2010年に、金融庁の勉強会にて(1)「投資助言業務」を行う者に善管注意義務を明確に追わせて、(2)機関投資家に対して、投資先企業の株主総会で審議された議案毎の議決行使結果を一般開示すべきである、と提案した。

時期尚早だったが、その後善管注意義務に近い「スチュワードシップ」発想が日本に到来し、コーポレートガバナンス・コードの原点となった。

2014年にスチュワードシップ・コード(SC)が具体化される中、私は自民党の日本経済再生本部へのスピーチで「ガバナンスに関する企業間の比較を容易にするディスクロジャー・ルールが少ないため、スチュワードシップなどのせっかくの制度が十分に機能せず、『絵に描いた餅』になりかねない。」と警鐘をならしてコーポレートガバナンス・コード(CGC)を提唱した。自身が2013年に議員に提出したメモに沿って、二つのコードは「車の両輪」として機能する、というロジックがその時点で受け入れられた。
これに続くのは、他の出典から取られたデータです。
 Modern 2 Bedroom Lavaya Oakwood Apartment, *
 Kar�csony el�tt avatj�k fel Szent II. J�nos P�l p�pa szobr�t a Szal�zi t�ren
結局SCとCGC両方が制定され、SCには法律上の強制力はないが、指針5-3には説明責任の一環として「機関投資家は、議決権の行使結果を、個別の投資先企業及び議案ごとに公表すべきである」と書いてある。すべてのSC署名運用機関は公表していないが、大手の多くは開示している。

ここまでは大きな進展だったが、「悪魔は細部に宿る」。

任意参加のSCだから、公表しない投資家もあるし、公表されている場合でもデータが統一化された(機械可読の)フォーマットで一元化されていない問題が残っている。このデータはアセットオーナー、受益者、企業、個人などにはとても参考になるが、それを集めて分析するのに各々の運用業社のウエブサイトからPDFファイルを収集して、その膨大な情報をデータベースに手入力しなければならない。

ここでSCのリーダ的存在である金融庁はとても重要な役割を果たすことができる。SC署名者に対し、この情報を標準化されたXBRLフォーマットで提出することをお願いし、EDINETのようなプラットフォームに当情報を公表することによって、「車の両輪」が回るための更なる貢献ができる。

逆にそのようにしなければ、ISSBによるESG情報開示の標準化が進んでも、アセットマネジャーはその情報を受けてどのように動いているかが分析しにくいままになる。社会のためにアセットマネジャーがエンゲージメントおよび議決権行使の質で競争してほしいのだが、十分にそうなっていないという問題が残る。